As this document describes user-space interfaces it belongs to
Documentation/admin-guide/mm.

>  1 file changed, 71 insertions(+)
>  create mode 100644 Documentation/vm/numaperf.rst
> 
> diff --git a/Documentation/vm/numaperf.rst b/Documentation/vm/numaperf.rst
> new file mode 100644
> index 000000000000..5a3ecaff5474
> --- /dev/null
> +++ b/Documentation/vm/numaperf.rst
> @@ -0,0 +1,71 @@
> +.. _numaperf:
> +
> +================
> +NUMA Performance
> +================
> +
> +Some platforms may have multiple types of memory attached to a single
> +CPU. These disparate memory ranges share some characteristics, such as
> +CPU cache coherence, but may have different performance. For example,
> +different media types and buses affect bandwidth and latency.
> +
> +A system supporting such heterogeneous memory groups each memory type
> +under different "nodes" based on similar CPU locality and performance
> +characteristics.  Some memory may share the same node as a CPU, and
> +others are provided as memory-only nodes. While memory only nodes do not
> +provide CPUs, they may still be local to one or more compute nodes. The
> +following diagram shows one such example of two compute noes with local
> +memory and a memory only node for each of compute node:
> +
> + +------------------+     +------------------+
> + | Compute Node 0   +-----+ Compute Node 1   |
> + | Local Node0 Mem  |     | Local Node1 Mem  |
> + +--------+---------+     +--------+---------+
> +          |                        |
> + +--------+---------+     +--------+---------+
> + | Slower Node2 Mem |     | Slower Node3 Mem |
> + +------------------+     +--------+---------+
> +
> +A "memory initiator" is a node containing one or more devices such as
> +CPUs or separate memory I/O devices that can initiate memory requests. A
> +"memory target" is a node containing one or more CPU-accessible physical
> +address ranges.
> +
> +When multiple memory initiators exist, accessing the same memory
> +target may not perform the same as each other. The highest performing
> +initiator to a given target is considered to be one of that target's
> +local initiators.
> +
> +To aid applications matching memory targets with their initiators,
> +the kernel provide symlinks to each other like the following example::
> +
> +	# ls -l /sys/devices/system/node/nodeX/initiator*
> +	/sys/devices/system/node/nodeX/targetY -> ../nodeY
> +
> +	# ls -l /sys/devices/system/node/nodeY/target*
> +	/sys/devices/system/node/nodeY/initiatorX -> ../nodeX
> +
> +Applications may wish to consider which node they want their memory to
> +be allocated from based on the nodes performance characteristics.
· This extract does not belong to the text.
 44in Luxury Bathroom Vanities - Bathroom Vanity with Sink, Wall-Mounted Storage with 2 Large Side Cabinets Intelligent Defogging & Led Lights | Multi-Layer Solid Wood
If
> +the system provides these attributes, the kernel exports them under the
> +node sysfs hierarchy by appending the initiator_access directory under
> +the node as follows::
> +
> +	/sys/devices/system/node/nodeY/initiator_access/
> +
> +The kernel does not provide performance attributes for non-local memory
> +initiators. The performance characteristics the kernel provides for
> +the local initiators are exported are as follows::
> +
> +	# tree /sys/devices/system/node/nodeY/initiator_access
> +	/sys/devices/system/node/nodeY/initiator_access
> +	|-- read_bandwidth
> +	|-- read_latency
> +	|-- write_bandwidth
> +	`-- write_latency
> +
> +The bandwidth attributes are provided in MiB/second.
> +
> +The latency attributes are provided in nanoseconds.
> +
> +See also: https://www.uefi.org/sites/default/files/resources/ACPI_6_2.pdf
> -- 
> 2.14.4
>
Keith Busch Nov. 20, 2018, 3:31 p.m. UTC | #3
On Tue, Nov 20, 2018 at 02:51:50PM +0100, Mike Rapoport wrote:
> On Wed, Nov 14, 2018 at 03:49:16PM -0700, Keith Busch wrote:
> > Platforms may provide system memory where some physical address ranges
> > perform differently than others. These heterogeneous memory attributes are
> > common to the node that provides the memory and exported by the kernel.
> > 
> > Add new documentation providing a brief overview of such systems and
> > the attributes the kernel makes available to aid applications wishing
> > to query this information.
> > 
> > Signed-off-by: Keith Busch <keith.busch@intel.com>
> > ---
> >  Documentation/vm/numaperf.rst | 71 +++++++++++++++++++++++++++++++++++++++++++
> 
> As this document describes user-space interfaces it belongs to
> Documentation/admin-guide/mm.

Thanks for the feedback. I'll move this and combine with the memory
cache doc in the v2.
Dan Williams Dec. 10, 2018, 4:12 p.m. UTC | #4
On Thu, Nov 15, 2018 at 4:59 AM Jonathan Cameron
<jonathan.cameron@huawei.com> wrote:
>
> On Wed, 14 Nov 2018 15:49:16 -0700
> Keith Busch <keith.busch@intel.com> wrote:
[..]
> > +The kernel does not provide performance attributes for non-local memory
> > +initiators. The performance characteristics the kernel provides for
> > +the local initiators are exported are as follows::
> > +
> > +     # tree /sys/devices/system/node/nodeY/initiator_access
> > +     /sys/devices/system/node/nodeY/initiator_access
> > +     |-- read_bandwidth
> > +     |-- read_latency
> > +     |-- write_bandwidth
> > +     `-- write_latency
> > +
> > +The bandwidth attributes are provided in MiB/second.
> > +
> > +The latency attributes are provided in nanoseconds.
> > +
> > +See also: https://www.uefi.org/sites/default/files/resources/ACPI_6_2.pdf
>
> My worry here is we are explicitly making an interface that is only ever
> providing "local" node information, where local node is not the best
> defined thing in the world for complex topologies.
>
> I have no problem with that making a sensible starting point for providing
> information userspace knows what to do with, just with an interface that
> in of itself doesn't make that clear.
>
> Perhaps something as simple as
> /sys/devices/system/nodeY/local_initiatorX
> /sys/devices/system/nodeX/local_targetY
>
> That leaves us the option of coming along later and having a full listing
> when a userspace requirement has become clear.  Another option would
> be an exhaustive list of all initiator / memory pairs that exist, with
> an additional sysfs file giving a list of those that are nearest
> to avoid every userspace program having to do the search.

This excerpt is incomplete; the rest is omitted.